Paul and Barnabas tore their clothes, which was a sign of great distress and a state of mourning and tried to stop them saying, “Whoaaa wait a minute…” They didn’t want any part of what was going down because to them, it was such a blasphemous act. Maybe they remembered what happened to Herod Antipas when the people started calling him a god? Herod was struck down and died when he stole God’s glory by not denying it. They weren’t going to take any chances. However a lot of people are tempted to seek honor for themselves. This is a weakness of mankind and a sin against God. Instead it would be better for us to heed the warning of Herod and learn from Paul and Barnabas and put that temptation as far away from us as possible.

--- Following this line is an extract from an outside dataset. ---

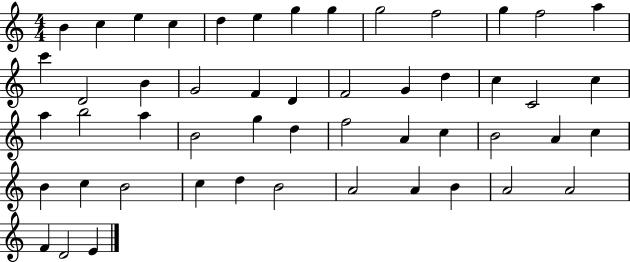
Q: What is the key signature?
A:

How did Paul and Barnabas help them? Take a look at verses 15-17. “Friends, why are you doing this? We too are only human, like you. We are bringing you good news, telling you to turn from these worthless things to the living God, who made the heavens and the earth and the sea and everything in them. 16 In the past, he let all nations go their own way. 17 Yet he has not left himself without testimony: He has shown kindness by giving you rain from heaven and crops in their seasons; he provides you with plenty of food and fills your hearts with joy.” Paul’s message was to turn from idols to the living God. This was really good news but it was a difficult message for the people of Lystra to hear. It meant that their entire culture was based on worthless beliefs that they needed to turn from immediately. This would be like a Muslim or Hindu hearing the gospel for the first time and they are told they are idol worshipers. Imagine their reaction. Our culture is somewhat different, because America has a Christian foundation and yet there are many practical idol worshipers in our country today. Most of the time it’s really hard for us to see our own idols. I heard a story about a pastor who was visiting India. On his tour he was truck with how many idols he saw through the land. The place was littered with them. Along the way met an Indian woman who had been to America so he asked her what she thought of the country. She replied, “I don’t like it and will never go back because there are too many idols. You make the movie stars your idols, corporate leaders your idols. You make everything your idols.” Needles to say this guy was speechless. Sad to say, so many people, who say they believe in Jesus, do not make time to worship God. They just don’t want to make the effort because they have made themselves their idol.

Paul encouraged them to turn away from idols to the one true living God, the source of life itself. Paul says two things about God. First, God is the creator of all life. Everything that lives in the ocean, or on land or in the sky has been created by God. (Ps146:6) All idols are useless. Be it Zeus, Hermes, money, power or whatever, all of them can not do anything for you. They are dead, but our God is alive for he is the Creator, in him is life.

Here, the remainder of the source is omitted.